European Commission figures suggest 80% of Mediterranean stocks and 47% of Atlantic stocks are overfished. The proposal voted in the Fisheries Committee contains clear and strong measures to tackle this problem.
“I am very relieved that we have now cleared this difficult hurdle. I expect that the plenary will confirm our vote in February. After that we will have a strong backing to start negotiations with the Council in order to get the reform signed and sealed” said Ulrike Rodust (S&D, DE), Parliament’s rapporteur on the fisheries reform..
Stop overfishing by ending discards…
Discards – fish thrown back, usually because they are of unwanted species or size – account for almost a quarter of total EU catches. Most of the discarded species die. To end this wasteful practice, MEPs voted to oblige fishing vessels to land all catches in accordance with a timeframe setting specific dates for different fisheries, starting from 2014.
Landed catches of fish that are undersized, for example, would be restricted to uses other than human consumption. Member States must make sure fishing vessels comply with the discard ban.

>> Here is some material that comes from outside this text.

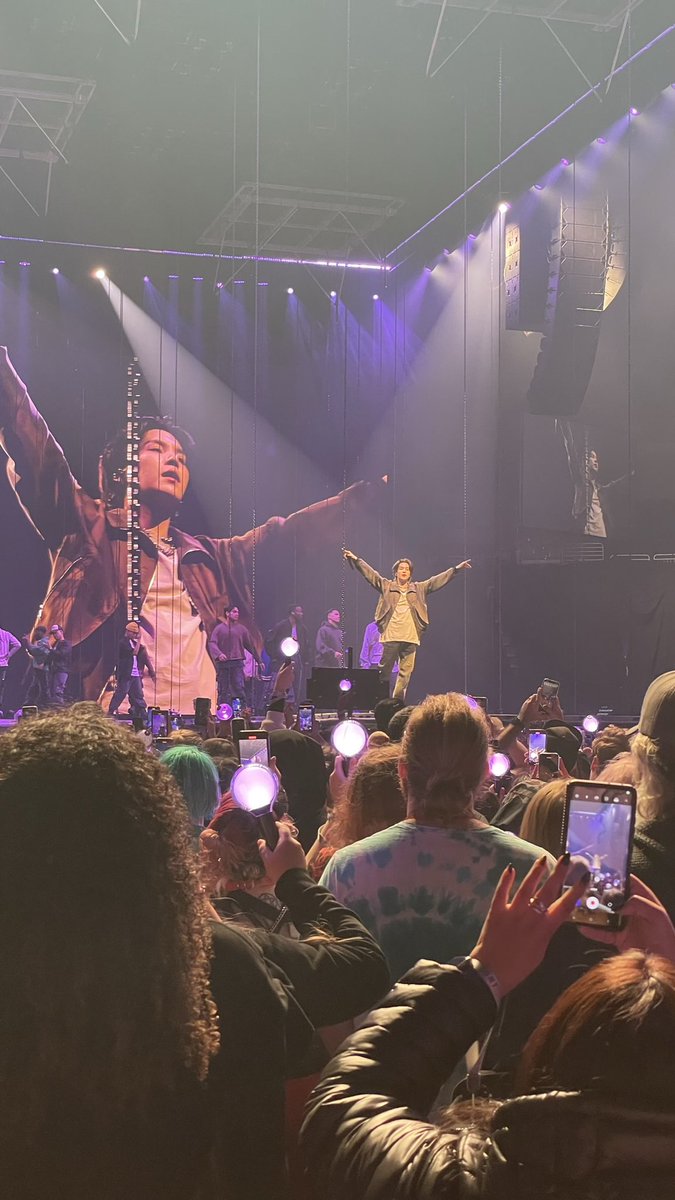 becky⁷ ☽ tweet media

…and respect maximum sustainable yield
The maximum sustainable yield (MSY) is defined as the largest catch that can be safely taken year after year and which maintains the fish population size at maximum productivity. In today’s vote, MEPs sought to ensure that fish stocks will recover, by 2020 at the latest, to above levels that are capable of producing the MSY, and thereafter to maintain all recovered stocks at these levels. Ultimately this means more fish, better catches and, as a consequence, more jobs in the fishing industry.

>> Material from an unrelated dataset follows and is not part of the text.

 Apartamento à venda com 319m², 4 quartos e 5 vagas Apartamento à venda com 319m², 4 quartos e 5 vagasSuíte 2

Long-term planning instead of yearly quota-haggling
To achieve sustainability in fisheries, multi-annual fish stock management plans are now established as a priority. A longer term approach should bring greater predictability, and the fishing industry will be able to invest better and plan ahead. Multi-annual plans will be based on more reliable and accurate scientific data, which EU member states will be obliged to collect and make available.
The draft resolution on the Common Fisheries Policy was approved with 13 votes in favour, 10 against and 2 abstentions, and should be put to a plenary vote in February.